C. Paul Hallwood received his Ph.D. in economics from the University of Aberdeen in 1988, and is currently Professor of Economics at the University of Connecticut, USA. Prior to that, he was in the Department of Economics at the University of Aberdeen, UK. He also held the position of Senior Research Economist in the Foreign Ministry of a prominent Arab Government, and has served as a visiting professor at various universities in the USA, Europe, and Australia. His principal research interest is in international economics, having published books and papers in each of its four main fields: international trade, international finance, economics of multinational corporations, and international political economy. A more recent research interest is in the economics of the oceans, on which he has published a textbook and papers on matters such as the law and economics of historic shipwrecks, and the law and economics of maritime piracy. He has also published two books and several paper on the financing of the Scottish government.
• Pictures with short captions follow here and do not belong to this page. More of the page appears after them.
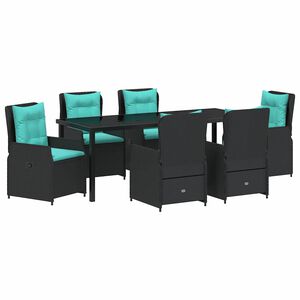 vidaXL Tuin Eetset 7 st Zwart Poly riet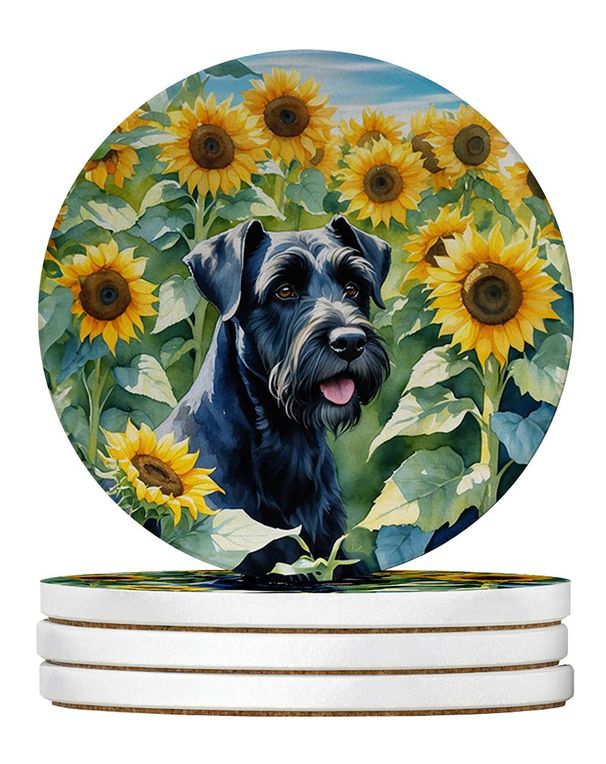 Giant Schnauzer In Sunflowers Large Sandstone Coasters Pack Of 4 Absorbent Round Coasters Decor Gifts For Men Or Women, 4 In, Multicolor_maomaolike.com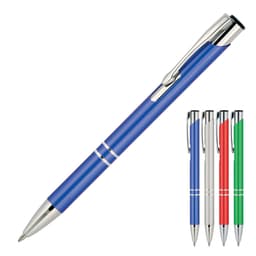 A metallic blue ballpoint pen with silver accents, alongside red, green, silver, and black pens. All have a branding logo.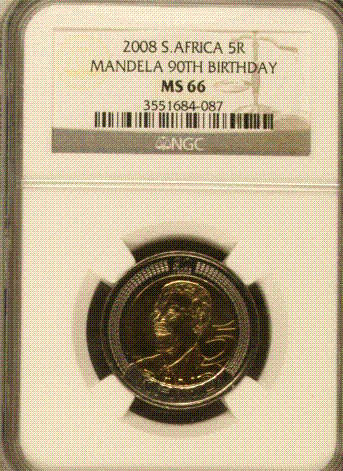 MS66 - 2008 MANDELA 90TH BIRTHDAY R5 - VERY HIGH GRADE COIN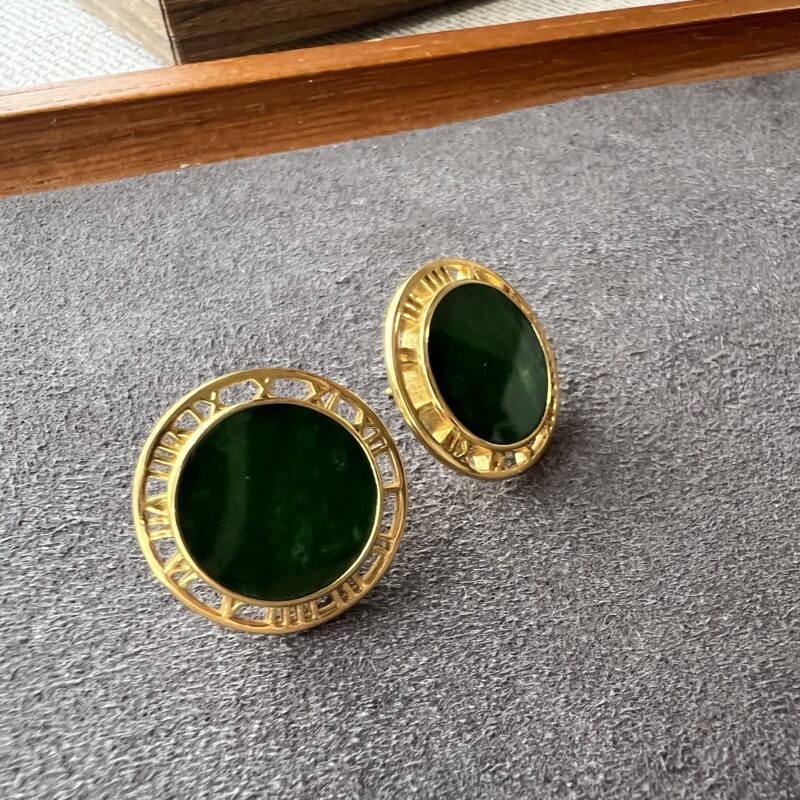 [13.7x13.7x-mm] Icy Green Jade Earring In setting, ERG-1293 | Certified Grade A Jade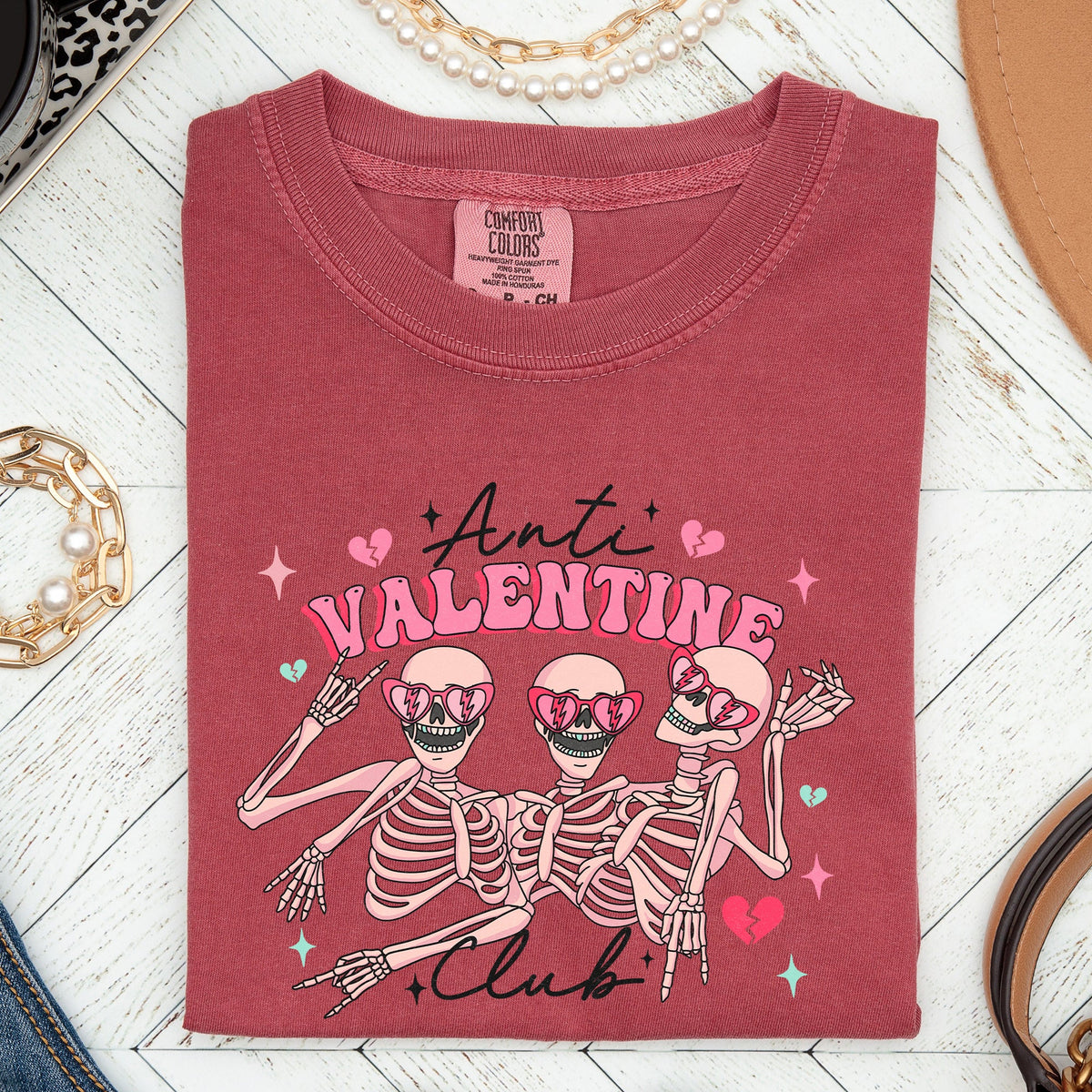 Anti Valentine's Club Skeleton Valentine's Day Edition Vintage Comfort Colors Tee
Thomas J. Miceli received his PhD in Economics from Brown University, USA, in 1988, and he has been Professor at the University of Connecticut, USA, since 1987. His research is largely in the area of law and economics, with particular emphasis on land use and property law. He is a recognized authority on the economics of eminent domain, a subject on which he has authored or co-authored three books. He has also published undergraduate and graduate level textbooks on law and economics. Currently, he serves as an associate editor for the International Review of Law and Economics. While at UConn, he has taught courses at both the undergraduate and graduate levels in microeconomic theory, urban economics, public finance, and law and economics, and in 2009, he won the Grillo Family Faculty Award for Excellence in Teaching in the Economics Department.